Adam Smith, un pensatore di destra o di sinistra?
Riceviamo e volentieri pubblichiamo da Federica Pontremoli
A trecento anni dalla nascita di Adam Smith, comunemente considerato ai nostri giorni uno dei padri fondatori dell’economia politica classica, numerosi sono i dibattiti sorti sul suo conto, sia su chi possa configurarsi come un suo degno erede contemporaneo, sia sull’orientamento politico delle sue idee. Su questi ed altri temi, legati alle teorie del filosofo morale scozzese, è intervenuto Daniel B. Klein, professore di economia presso la George Mason University e autore del libro Smithian Morals, alcuni giorni fa presso la sede milanese dell’Istituto.

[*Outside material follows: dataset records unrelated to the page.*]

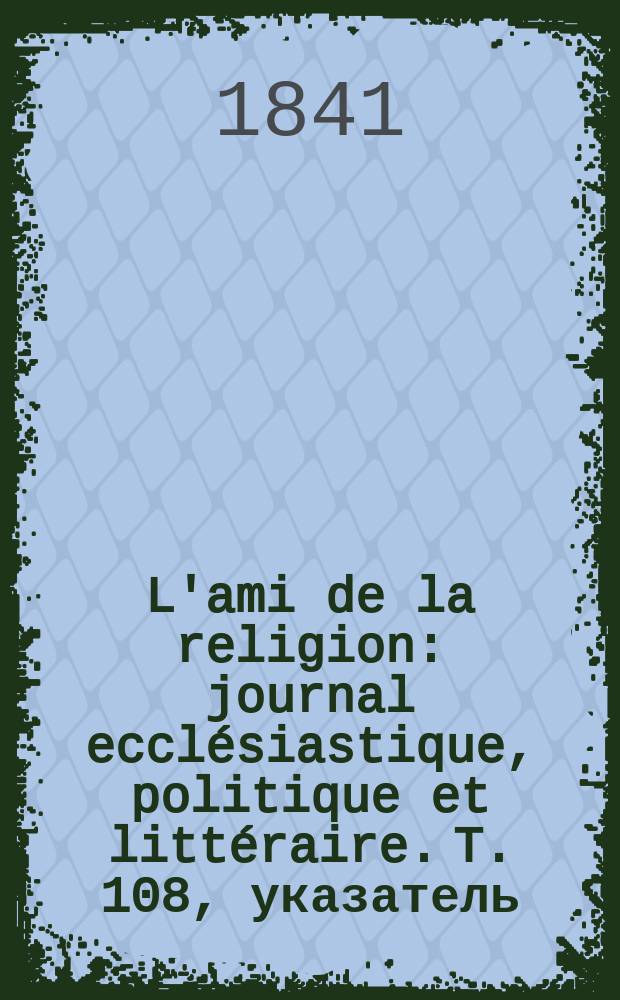 L'ami de la religion : journal ecclésiastique, politique et littéraire. T. 108, указатель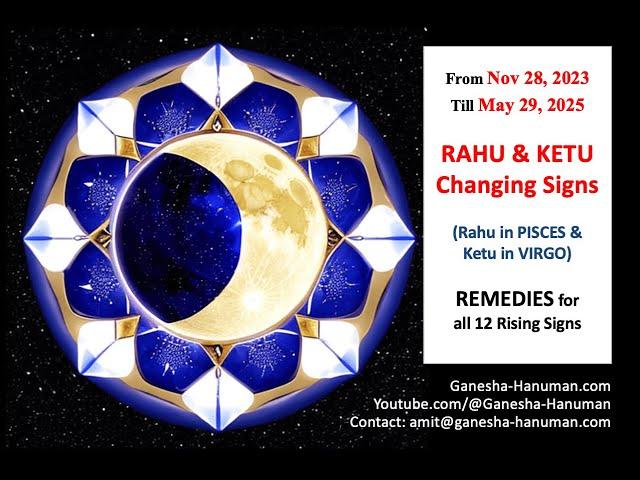 RAHU-KETU transit (Nov 2023 - May 2025) All 12 Rising Signs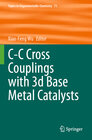 Buchcover C-C Cross Couplings with 3d Base Metal Catalysts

Un certo egualitarismo, un certo scetticismo rispetto all’esistenza di diversità naturali, secondo molti mal si coniugherebbero con un pensatore riconosciuto come liberale e contiguo ad ambienti conservatori di destra. Con queste parole sono state esposte, in fase introduttiva, alcune delle possibili motivazioni, sulla base delle quali molti riterrebbero che Smith fosse più orientato verso idee politiche di sinistra di quanto si è soliti pensare nell’immaginario comune.
Daniel Klein, passando in rassegna le tesi di svariati critici ed autori, quali Fleischhacker, Rasmussen, McLean, Ginzberg, Rothschild, Sen e Martin, ha analizzato le principali componenti che accosterebbero Smith ad un pensiero riconducibile all’area progressista. La sua forte credenza nell’interventismo per modificare lo status quo, la redistribuzione, il welfare state come modello di Stato a sostegno dei cittadini, con tutta la sua tipologia di programmi governativi, interventi e incentivi proposti, questi sono gli aspetti messi in risalto per collocare Smith nel campo della sinistra. Uno dei principali problemi legati ai sostenitori dello Smith di sinistra, ha puntualizzato Klein, è che, talvolta, nell’esporre le loro tesi, finiscono per contraddirsi “con le loro stesse mani”, in quanto, nella maggior parte dei casi, tali tesi risultano prive di attinenza tra la realtà dei fatti e il pensiero dello stesso Smith.
Klein ha poi elencato alcune delle critiche che possono essere mosse alla “sinistra smithiana”. da questi autori emerge una visione in cui Smith è delineato come un fervente sostenitore dell’egualitarismo, in particolare seguendo i principi di uguaglianza da anteporre al lavoro svolto e di parità sostanziale di ogni individuo. Inoltre, gli studiosi della smithologia di sinistra sono soliti basarsi di frequente sui principali assunti economici professati dal filosofo scozzese, ovvero il legame dei mercati con presupposti di tipo morale, culturale ed istituzionale, il totale diniego dell’avidità e il suo essere completamente all’opposto di un laissez-faire dogmatico.
Il quesito ora rimane aperto e alla libera interpretazione di ciascuno. Smith deve restare nell’immaginario collettivo come un pensatore liberale classico di destra o le sue idee possono talvolta essere incasellate in una visione più orientata a sinistra? Forse la risposta sta in realtà nel fatto che, come ha argomentato Klein, è errato etichettare Smith come sostenitore delle idee di sinistra, senza che ciò implichi necessariamente un suo posizionamento a destra. Alla luce delle considerazioni fatte, la chiave di lettura più corretta è, probabilmente, quella che pone al centro le idee ed il pensiero critico di Adam Smith, come modalità di interpretazione dei fenomeni del panorama economico e sociale contemporaneo, indipendentemente dall’orientamento politico con il quale si è cercato e si cerca tuttora, invano, di etichettarlo.